Reputation: 384
I have to migrate a database from Oracle to MySql having billions of data. I found a strategy to create a schema and get the data in CSV from Oracle and load data to MySQL. I have created a CSV file with a delimiter of a quote(") and field terminated with a comma(,). Now the problem is that CSV file contains special character which is not going to be imported in MySql.
I am using the command:
LOAD DATA LOCAL infile 'C:/Users/NNCP4659/export.csv' INTO TABLE dbk_address_master
CHARACTER SET utf8 fields terminated BY "," enclosed by '"' lines terminated
BY "\r\n"(id, country_code,address,city_id,latitude,longitude,
@is_active,google_address,old_address,building_number,street_name,created_by)
set is_active=cast(@is_active as signed);
My data is like:
4113973,"CHE","167 Bernerstrasse Süd","57066","47.3943271","8.4865849",1,"Bernerstrasse Süd 167, 8048 Zürich,
Switzerland","167 Bernerstrasse Süd","Y","167","Bernerstrasse Süd","migration"
And error is:
ERROR 1300 (HY000): Invalid utf8 character string: '"167 Bernerstrasse S'
Upvotes: 0
Views: 845
Reputation: 142296
167 Bernerstrasse S
looks like the truncation of 167 Bernerstrasse Süd
at the first non-utf8 character.
You have specified that the incoming data is utf8 via
LOAD DATA ... CHARACTER SET utf8 ...
I conclude that the incoming file is not encoded correctly. It is probably latin1, in which case the hex would be FC
. Assuming this is the case, you should switch to
LOAD DATA ... CHARACTER SET latin1 ...
It does not matter if the CHARACTER SET
in the target column is not latin1; MySQL will transcode it in flight.

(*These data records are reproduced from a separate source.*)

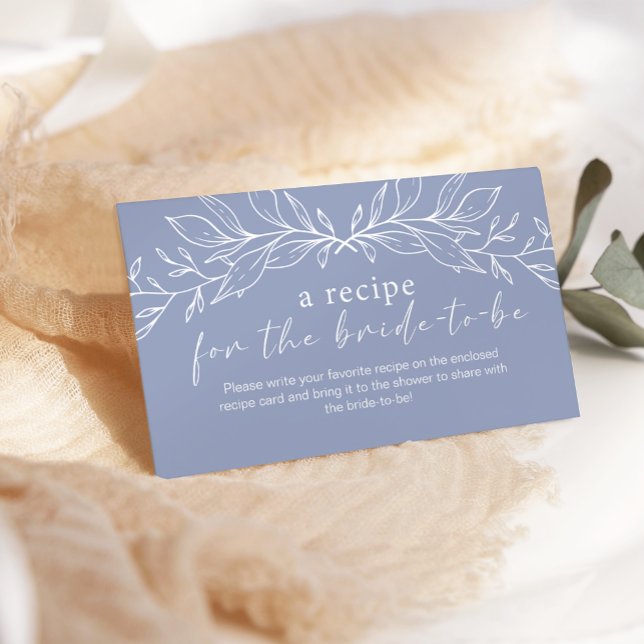 Tarjeta De Recepción Receta de Boda de Flores de Vinca (Subido por el creador)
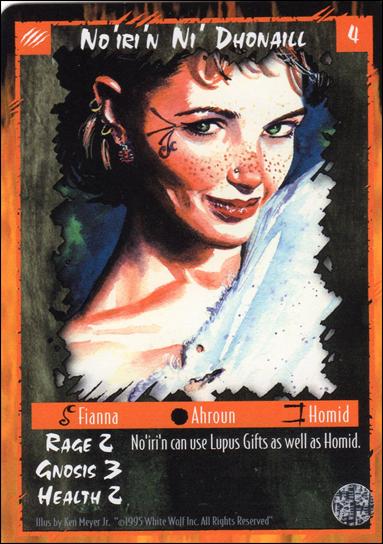 Rage Limited (Base Set) card 184 No'iri'n Ni' Dhonaill 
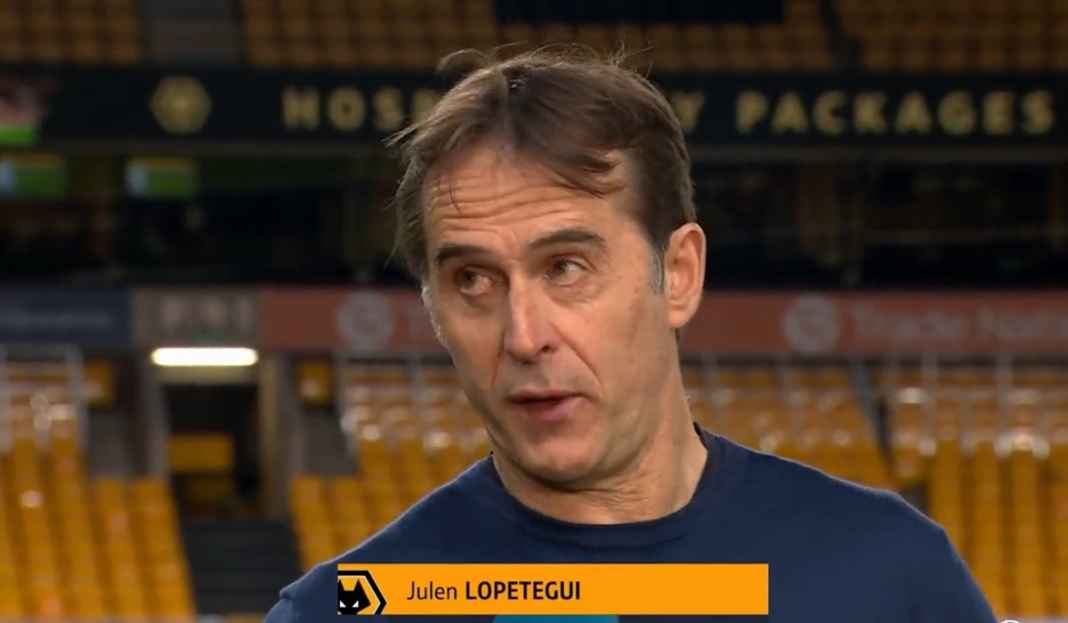 Julen Lopetegui Senang Bisa Bungkam Keraguan Untuk Selamatkan Wolves dari Degradasi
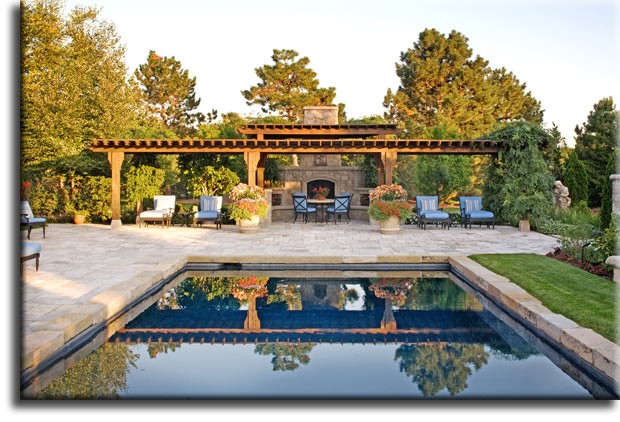 Antique oak beams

(Alternatively, you could change the incoming data to have utf8 (hex: C3BC
), but that may be more hassle.)
Reference: "truncated" in Trouble with UTF-8 characters; what I see is not what I stored
(As for how to check the hex, or do SHOW CREATE TABLE
, we need to know what OS you are using and what tools you have available.)
Upvotes: 1